She had planned to spend her gap year in Africa working for the charity Afrikids which cares for orphaned and outcast children in Northern Ghana.
The money raised by the bike ride will help finance college students wanting to undertake charitable work on gap years, as Talli had intended to do. The friends also plan to donate some money directly to Afrikids.
The team set off from college on July 9, just five days after
the end of term and cycled a total of 19 days, averaging between 50 and 90 miles of cycling each day.
They endured temperatures reaching a scorching 40 degrees as they ploughed their way through Italy.
They finally finished their mammoth bike ride on August 6 in the centre of Rome, where they were greeted by family and friends.
Ollie told the Observer: "We are pretty tired. We didn't know what to expect because we had never done anything like this before, but we learnt things every day and in the end we made it. We are very proud of ourselves, it's been a great achievement."
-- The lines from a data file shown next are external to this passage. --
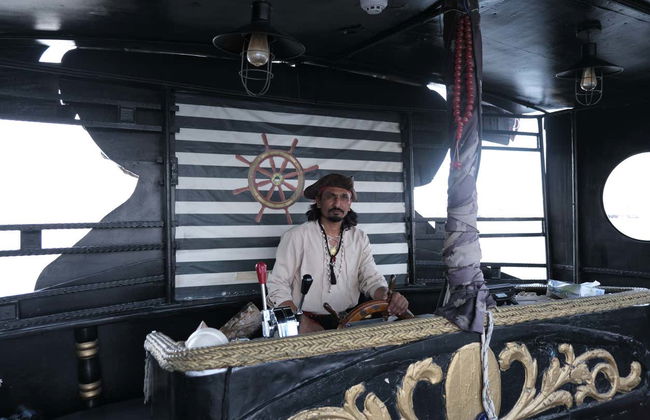 Dubai Canal Pirate Boat Ride - Photo 2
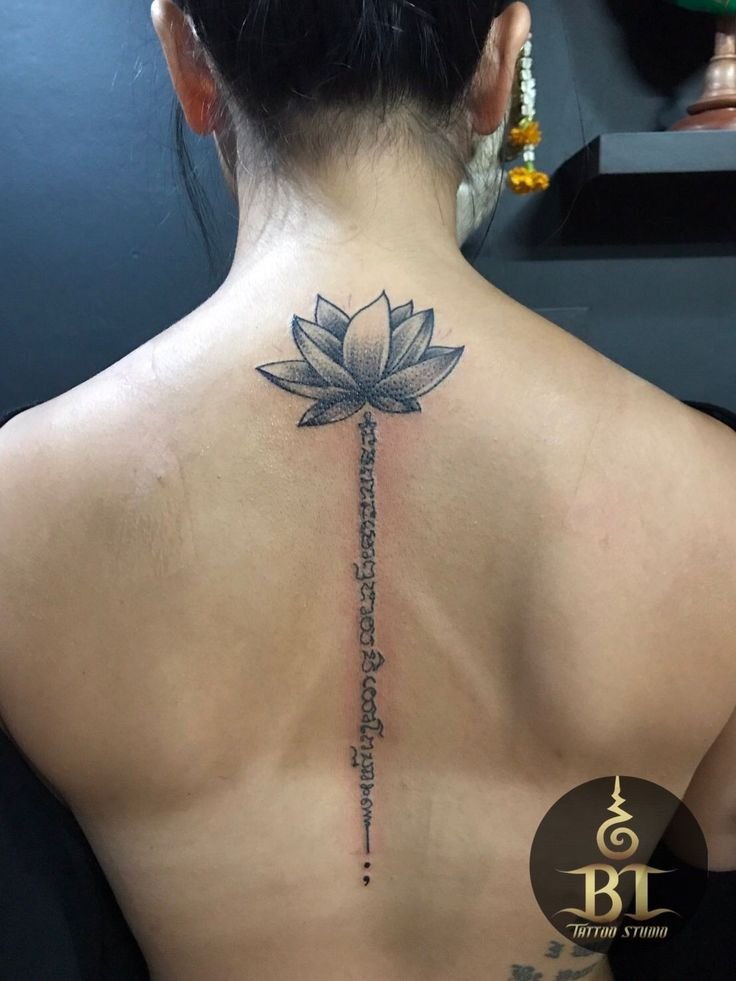 tattoo hoa sen và chữ khmer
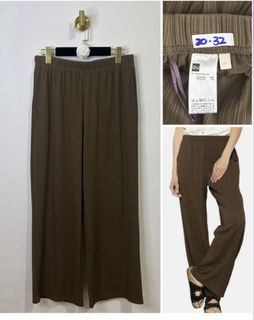 (Category: ) located in . Submitted by ishcloset (Listing ID 1429147758, Image 1). Description: .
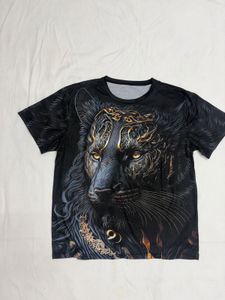 Men's Graphic T-Shirt - Black Wolf Print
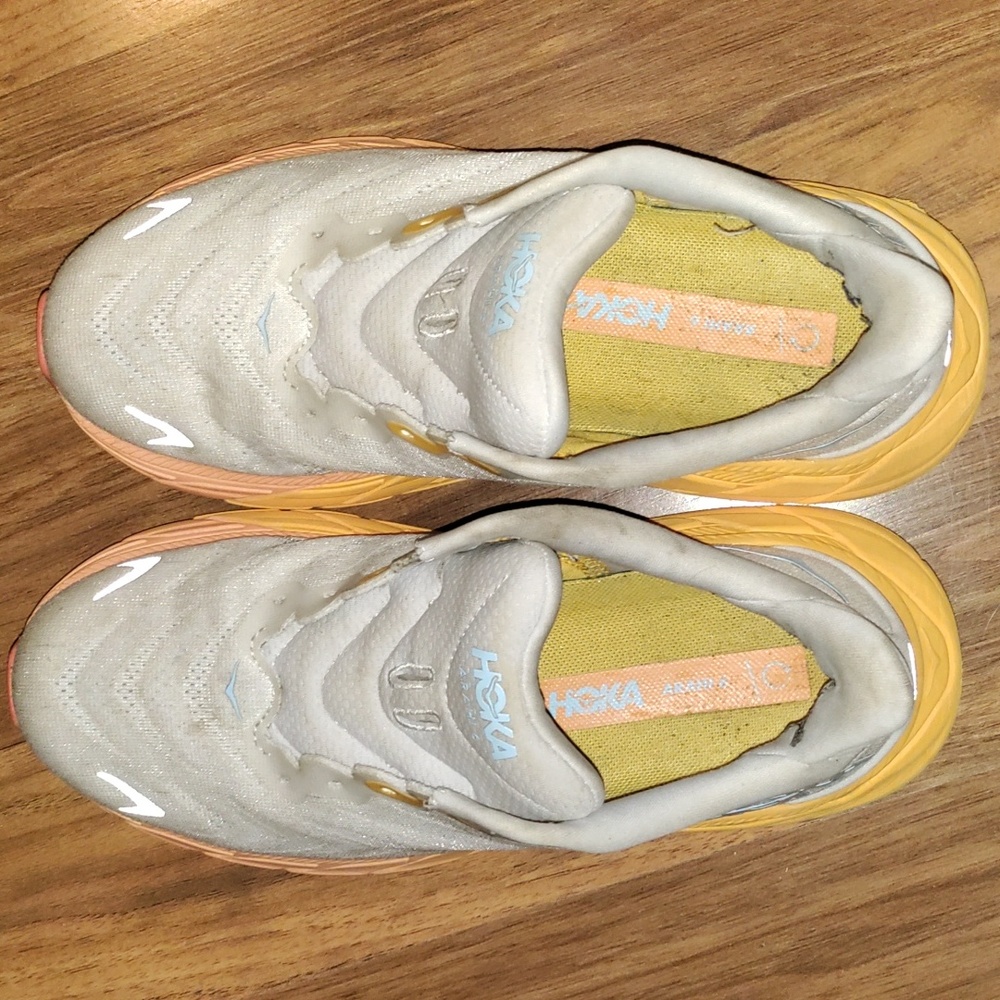 Hoka Arahi 6 (women's)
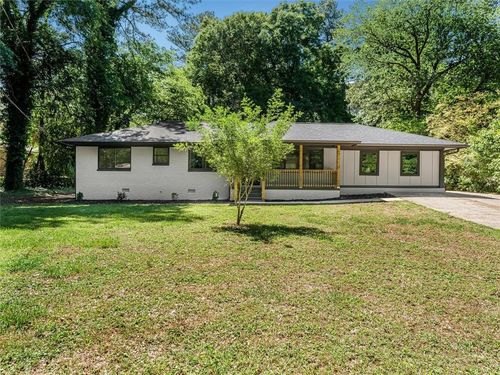 5572 Andrew Dr Sw, Mableton, GA, 30126-3002 | Card Image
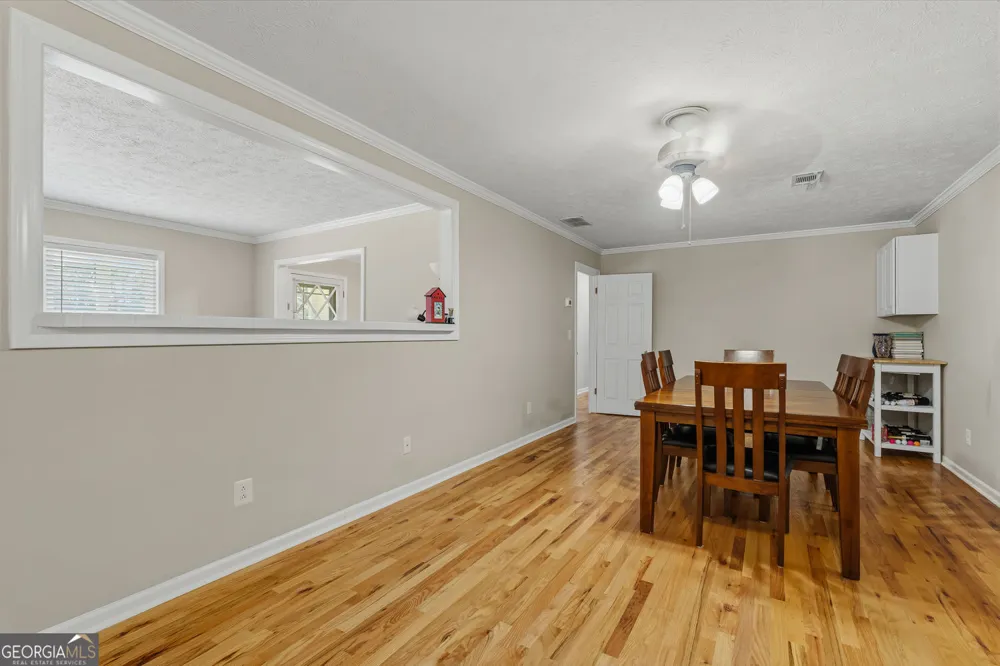 393 Greenleaf CT NW Lilburn, GA 30047
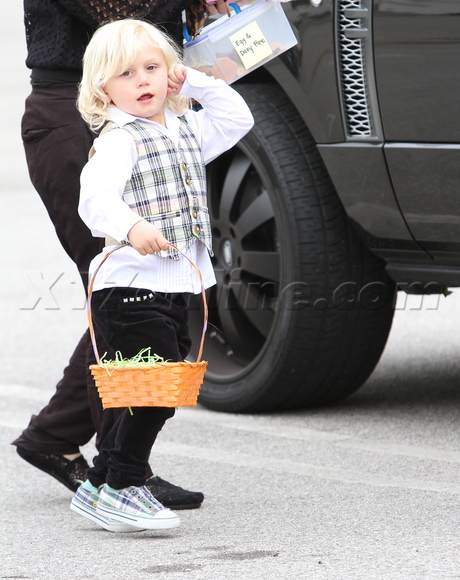 Gwen Stefani Kingston Zuma red beanie 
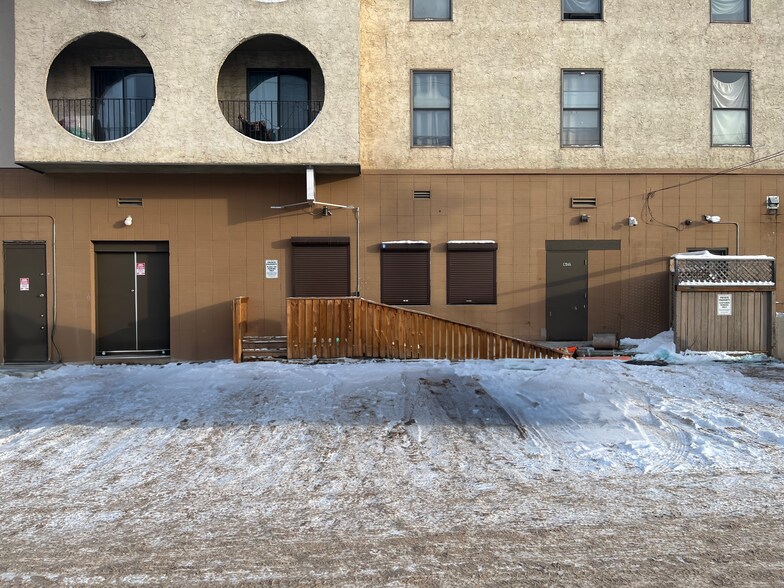 More Photos Of 12046/48/50 Fort Road, Edmonton, Edmonton Apartments For Lease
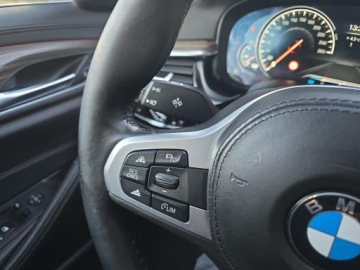 BMW Seria 5 G30-G31 Touring 530d 265KM 2017 530d xDrive Luxury Line aut, zdjęcie 11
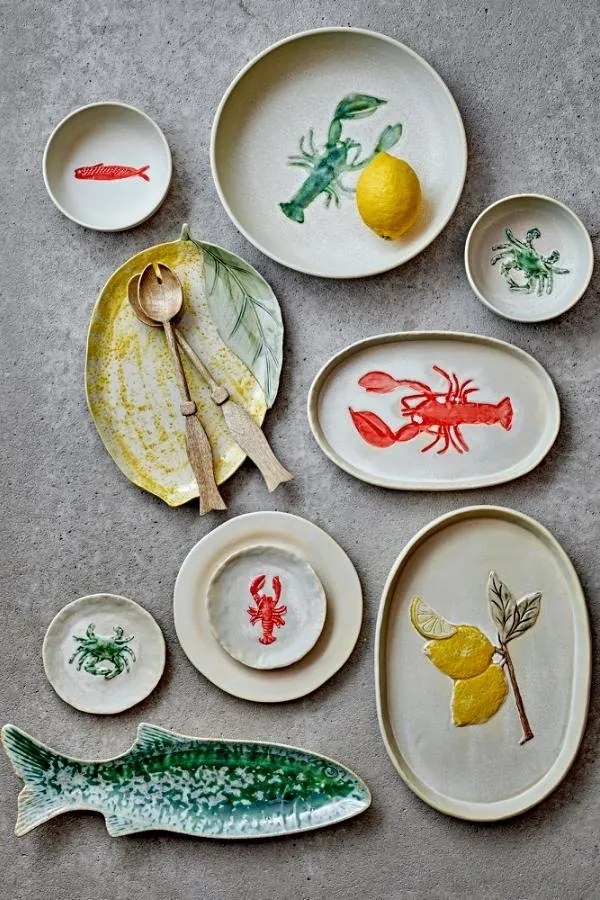 Platou oval din ceramică natur cu homar sculptat în relief, 29×18×2,5 cm, "Hadden"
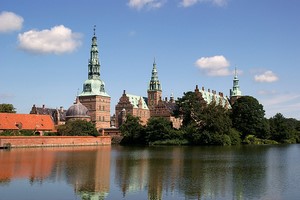 Car hire Hiller�d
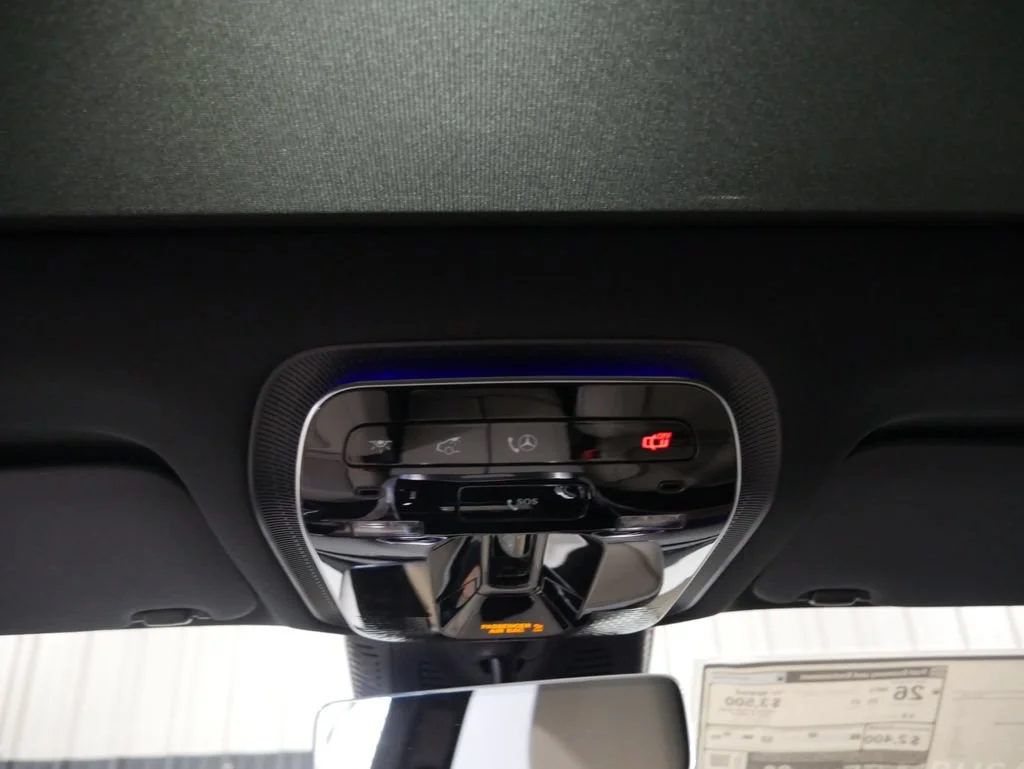 New 2026 Polar White Mercedes-Benz GLC 300 image 28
Nick added: "We were pretty nervous before the ride, because we weren't serious cyclists and we didn't have time for much training because we were sitting A-levels all last term. It's a real relief to have finished it.
"We prepared ourselves for the absolute worst and there certainly were challenging times, including when we got ankle injuries and became very, very tired."
He said they had never had a target figure to raise and money had kept coming in even after they started the ride: "We just hoped to raise as much as we possibly could in memory of a wonderul and caring young woman."
He paid tribute to Trango, the Selsey company specialising in safe travel and disaster management, which provided invaluable tracing devices for the trip to ensure their safety.
"We had brilliant support from Trango, we spoke to them every day and they tracked us all the way.
"There was one occasion when we were in 40 degrees of heat, two days from Rome, very tired and hadn't got a clue where we were and they got us on the right track, which was a major relief."